Within 48 hours: We acknowledge your report and confirm we have received it.
Within 7 days: We assess the severity, determine whether it is a genuine vulnerability in our code or in a dependency, and tell you our conclusion. If we cannot reproduce it, we will ask follow-up questions.
Within 30 days (for confirmed vulnerabilities): We aim to have a fix developed, tested, and ready to release. For critical vulnerabilities affecting credential exposure or authentication bypass, we move faster.
When we release the fix: We will publish a GitHub Security Advisory describing the vulnerability, the affected versions, and the fix.

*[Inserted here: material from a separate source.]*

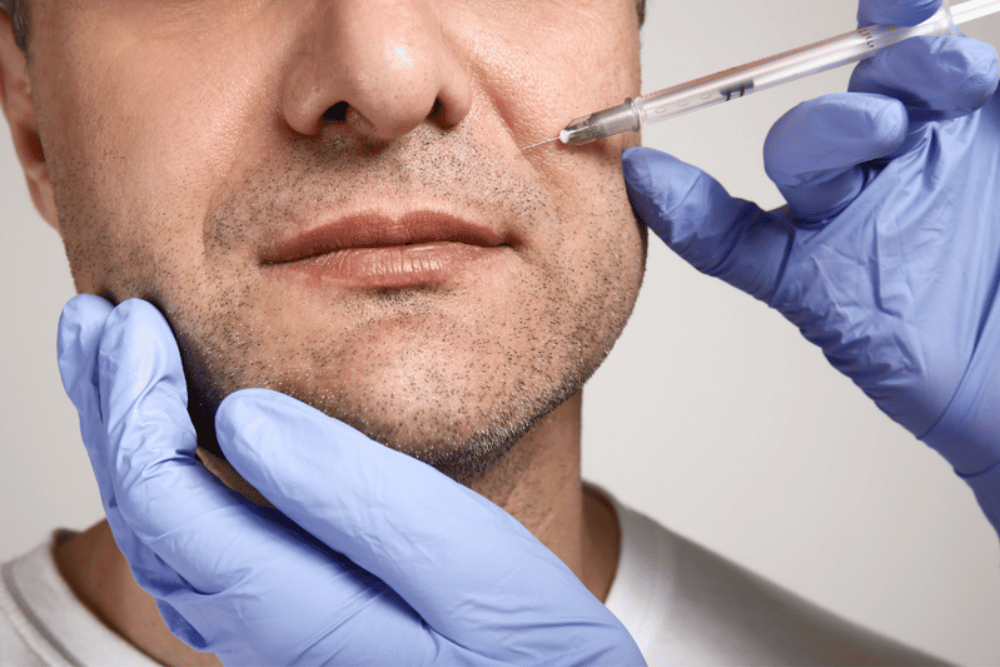 Best Dermal Filler Treatments for Wrinkles in Reston Virginia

We will credit you by name unless you have asked to remain anonymous.
If for any reason we need more time than 30 days, we will tell you why and give you a revised timeline. We will not leave you without updates.
These are the things we care most about:
Credential exposure Ratify stores encrypted database credentials. Anything that could expose these credentials in plaintext; whether through the API, the logs, error messages, or a vulnerability in the encryption implementation - is a critical issue.
Authentication bypass Any way to access the API or perform actions without a valid API key or session token.
Consumer response token weaknesses The response tokens sent to consumers in email links must be single-use, time-limited, and unpredictable. Anything that weakens these properties is in scope.
Audit trail integrity The audit trail is designed to be append-only. Any way to modify or delete audit events is a serious issue.
SQL injection We use parameterised queries via sqlc. If you find a code path that constructs queries with user input directly, that is a serious finding.
Privilege escalation Any way for a user in one organisation to access data from another organisation, or for a lower-privileged user to perform actions reserved for higher-privileged users.
Remote code execution Any path that allows arbitrary code execution on the server.
These will not be treated as vulnerabilities:
- Vulnerabilities in software we do not control (the underlying Linux OS, Docker itself, PostgreSQL), report those to the respective projects
- Attacks that require physical access to the server
- Social engineering attacks against team members
- Theoretical vulnerabilities with no practical attack path
- Issues that only affect self-hosted deployments where the attacker already has shell access to the server (at that point the attacker has won regardless of what Ratify does)
- Missing security headers on the web UI in development mode
- Rate limiting on endpoints that do not handle sensitive data
- Self-XSS (where the attacker must trick themselves)
If you are unsure whether something is in scope, report it anyway. The worst outcome is that we tell you it is out of scope. We would rather hear about something that turns out to be nothing than miss something real.
We will not take legal action against you for finding and reporting a vulnerability in good faith. We ask that you:
- Give us a reasonable amount of time to fix it before disclosing it publicly (30 days is our target, and we will keep you updated on progress)
- Make a genuine effort to avoid accessing, modifying, or deleting data that does not belong to you during your research
- Do not run automated scanners against production systems without prior agreement - test against your own instance
We consider responsible disclosure a service to the community and we treat reporters accordingly.
Ratify depends on third-party Go packages. If you find a vulnerability in one of our dependencies, please also report it to that project's maintainers directly. Let us know as well so we can prioritise updating the affected package.
You can check for known vulnerabilities in our dependencies yourself by running:
go install golang.org/x/vuln/cmd/govulncheck@latest
govulncheck ./...We run this check automatically in our CI pipeline on every pull request.
We maintain a record of security issues and the people who reported them. When we publish a fix, we will credit your name (or handle, or "anonymous" - your choice) in the GitHub Security Advisory.
We do not currently offer a bug bounty programme. If that changes, we will update this document.